Künstliche Intelligenz kann auch mal falsch liegen

„Wenn man die KI auf Bücher von 1945 trainieren würde, würde sie deren Inhalt als richtig erachten“, erklärt Klepper. Stellt man also eine Frage, sucht die KI das wahrscheinlichste Ergebnis aus allen Antwortmöglichkeiten raus. Und das ist das Idealbild: sportlich, gepflegt, perfekt. Und noch etwas haben die Bilder gemeinsam: Sie zeigen keine Diversität, also keine Vielfalt.

„Da hat Google schon einmal nachjustiert, um ihre KI Gemini diverser zu machen“, erzählt Klepper. „Der Eingriff der Entwickler war aber zu viel.“ So habe die KI etwa einen Wehrmachtssoldaten mit dunkler Hautfarbe erstellt, als nach einem Nazi gefragt wurde. Fragte man nach einem afrikanischen Stamm, bekam man eine asiatische Familie. „Also wurde diese Änderung wieder rückgängig gemacht“, erklärt Klepper.

Steigt in Hollywood bald die Arbeitslosenrate?

Die täuschend echt aussehenden KI-Bilder könnten auch den Filmstars zum Verhängnis werden, denn wenn eine KI heute kleine Filmchen generieren kann, könnten bald auch Blockbuster möglich sein.
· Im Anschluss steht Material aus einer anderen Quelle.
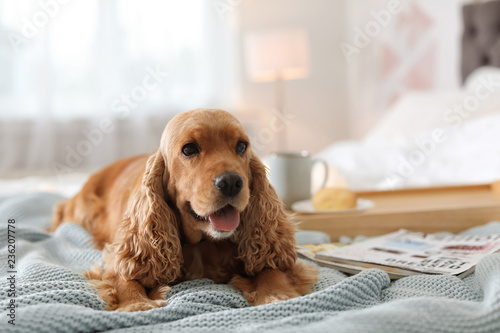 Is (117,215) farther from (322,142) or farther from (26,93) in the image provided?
(322,142)

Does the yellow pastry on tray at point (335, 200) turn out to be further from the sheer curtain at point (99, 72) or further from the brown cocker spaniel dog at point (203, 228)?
the sheer curtain at point (99, 72)

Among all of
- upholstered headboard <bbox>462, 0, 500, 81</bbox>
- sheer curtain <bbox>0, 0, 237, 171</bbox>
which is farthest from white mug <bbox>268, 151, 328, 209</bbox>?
sheer curtain <bbox>0, 0, 237, 171</bbox>

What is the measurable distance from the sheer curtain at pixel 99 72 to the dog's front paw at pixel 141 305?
3.42 m

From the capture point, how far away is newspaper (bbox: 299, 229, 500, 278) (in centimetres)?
117

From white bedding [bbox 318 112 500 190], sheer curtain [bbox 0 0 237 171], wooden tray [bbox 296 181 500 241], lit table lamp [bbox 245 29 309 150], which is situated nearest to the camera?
wooden tray [bbox 296 181 500 241]

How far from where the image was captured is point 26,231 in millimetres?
1573

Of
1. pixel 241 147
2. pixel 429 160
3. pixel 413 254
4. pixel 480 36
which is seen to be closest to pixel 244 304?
pixel 241 147

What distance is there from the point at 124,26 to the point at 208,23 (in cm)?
85

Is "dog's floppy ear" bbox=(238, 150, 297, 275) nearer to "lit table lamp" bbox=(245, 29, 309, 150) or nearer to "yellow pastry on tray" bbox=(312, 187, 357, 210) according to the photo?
"yellow pastry on tray" bbox=(312, 187, 357, 210)

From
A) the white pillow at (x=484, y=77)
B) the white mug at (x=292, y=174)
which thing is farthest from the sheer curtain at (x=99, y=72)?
the white mug at (x=292, y=174)

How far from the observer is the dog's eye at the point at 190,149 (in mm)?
1135

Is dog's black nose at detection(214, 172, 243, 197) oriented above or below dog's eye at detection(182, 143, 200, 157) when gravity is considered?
below

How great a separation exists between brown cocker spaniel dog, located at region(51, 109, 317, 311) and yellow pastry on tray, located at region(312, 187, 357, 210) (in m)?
0.45

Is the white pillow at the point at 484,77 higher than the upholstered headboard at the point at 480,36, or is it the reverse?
the upholstered headboard at the point at 480,36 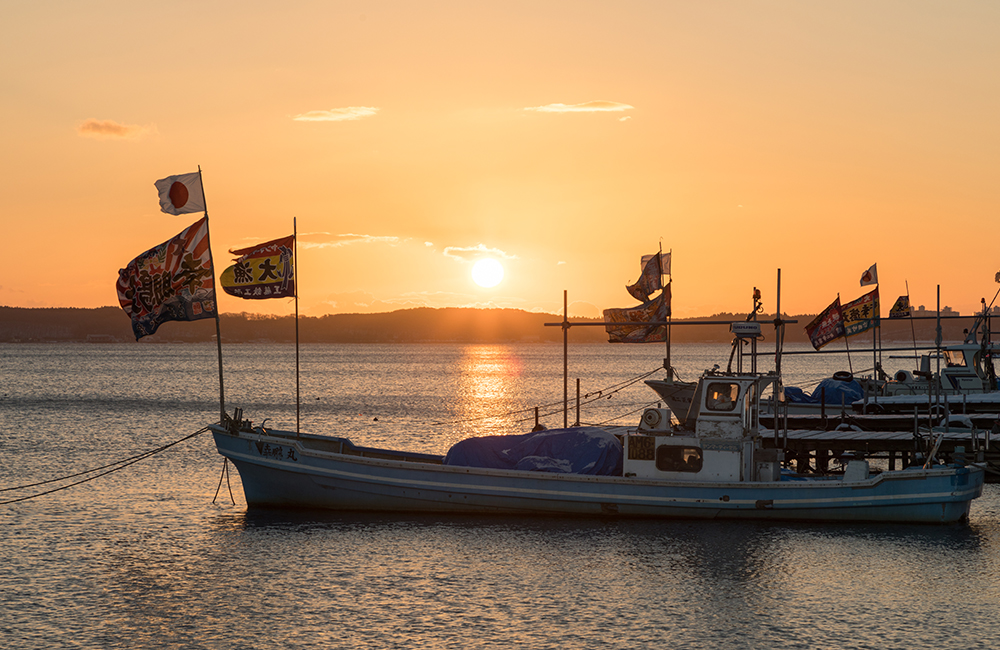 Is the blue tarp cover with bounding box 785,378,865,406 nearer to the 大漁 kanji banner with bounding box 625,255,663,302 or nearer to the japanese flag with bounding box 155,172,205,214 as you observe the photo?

Dass Künstliche Intelligenz auch in der Lage ist, erotische Filme mit berühmten Gesichtern zu erstellen, ist ebenfalls bekannt. Dafür gibt es sogar extra KI-Pornografikgeneratoren im Internet. Müsste es nicht also verboten werden, diese KI überhaupt weiterhin zu benutzen?

„Die Technologie ist nicht kontrollierbar“, sagt Nobereit, „und jeder hat sie“, fügt er hinzu. Schauspieler wären in Zukunft also arbeitslos – das kann sich zumindest Klepper vorstellen. Einerseits fände er die Vorstellung auch interessant, zu sehen, was durch Technik heutzutage möglich gemacht werden kann. „Ich finde es aber auch besonders, mal ins Theater zu gehen“, erzählt er. „Da sieht man noch, was der Mensch selbst auf die Beine stellen kann.“

Wenn Künstliche Intelligenz zu halluzinieren beginnt

Die KI kann aber auch falschliegen. Wenn es ihr beispielsweise an Kontext fehlt, könne sie zu „halluzinieren“ beginnen. Dabei kommt die KI zu einem Ergebnis, das zwar überzeugend wirken kann, aber falsch ist. Hierbei können die Ergebnisse nicht mit den angelernten Trainingsdaten gerechtfertigt werden.

Also: Wie ehrlich ist KI eigentlich? Antwort: Nur so ehrlich, wie der Mensch, der sie füttert.

Feenke Hornbostel

Volontärin

Feenke Hornbostel ist in Bremerhaven geboren und in Schiffdorf aufgewachsen. Seit März 2024 ist sie Volontärin bei der NORDSEE-ZEITUNG in Bremerhaven.